Unlike Microsoft, Eudora, a unit of Qualcomm (QCOM), makes its money selling Eudora Pro email and messaging-server software to corporations, small offices, and multiuser licensees, which account for roughly 60 percent of revenues, said Tracy Crowe, a senior product marketing manager. The remainder comes from consumer sales.

"Outlook Express is a nice browser email application. Microsoft did a good job incorporating HTML, and the fact that it's bundled with Explorer is nice," Crowe said. "But we focus on more productive and efficient communications. We are a communications company."

Qualcomm, which does not break out Eudora revenues in its accounting, uses the email software as part of its larger strategic business of melding messaging and wireless communications, Zimits said.
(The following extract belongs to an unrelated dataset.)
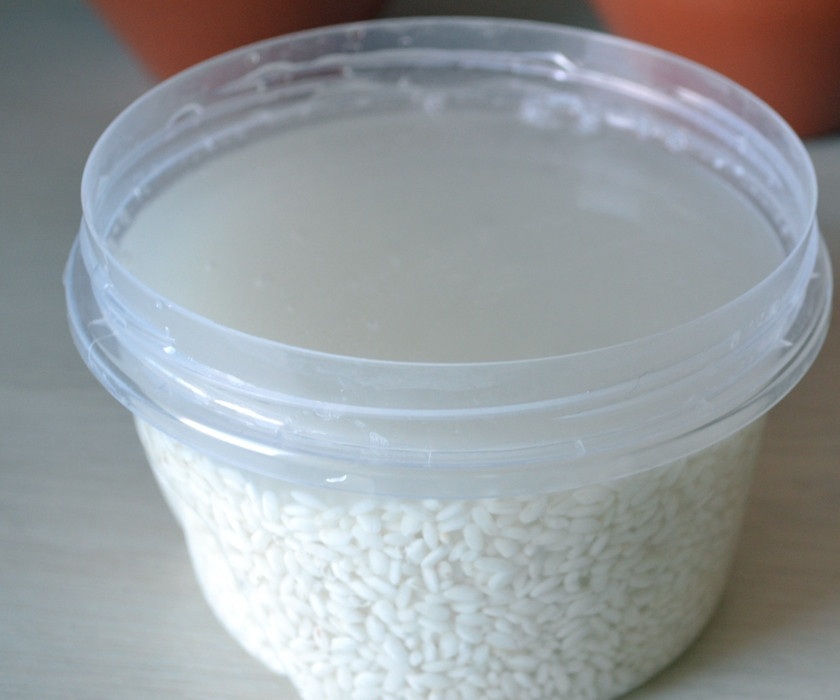 1. Этап. Плов в горшочке в духовке: Замачиваем рис в подсоленной холодной воде.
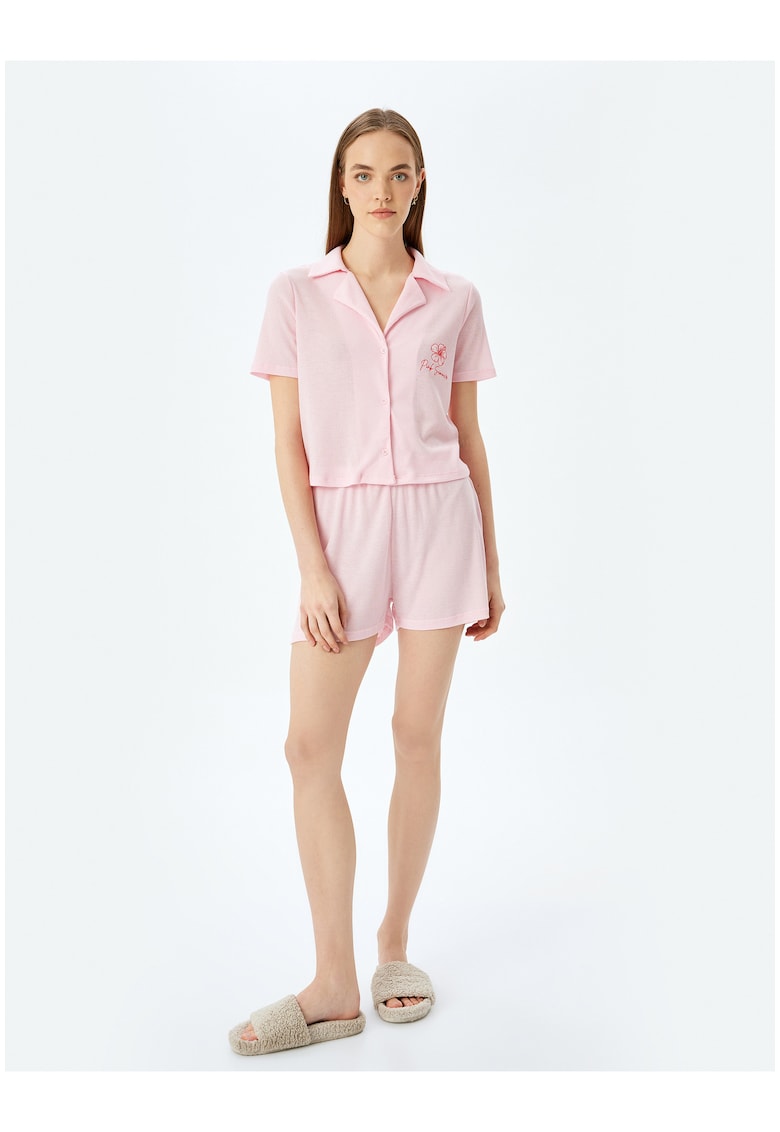 Pijama cu pantaloni scurti si broderie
As a result, Qualcomm likely will spend research and development dollars, as well as other resources, to keep Microsoft at bay, Zimits said.

Another Microsoft disadvantage in the email software market is that it faces the difficult task of persuading companies and consumers to switch from their current email applications.

"Eudora has a huge installed based, and everyone seems to like it," Zimits said. "There are a lot of users who are already using email, and Microsoft has to determine how to [prompt users to switch from] client offering to another."

Eudora grew from 10 million users to 18 million between January and this month, said Ed Knowlton, a senior marketing manager. Nonetheless, he noted that Eudora would be foolish not to consider Microsoft a threat.

"Our sales have been booming, and our marketshare has been booming. But I would be lying if I said we didn't care what Microsoft and Netscape (NSCP) are doing," he said.

Still, Crowe noted that Eudora's role is different from Outlook's. He stressed that Eudora is a lean, efficent communications tool that can be customized.

The next version of Eudora Pro is expected to ship in December.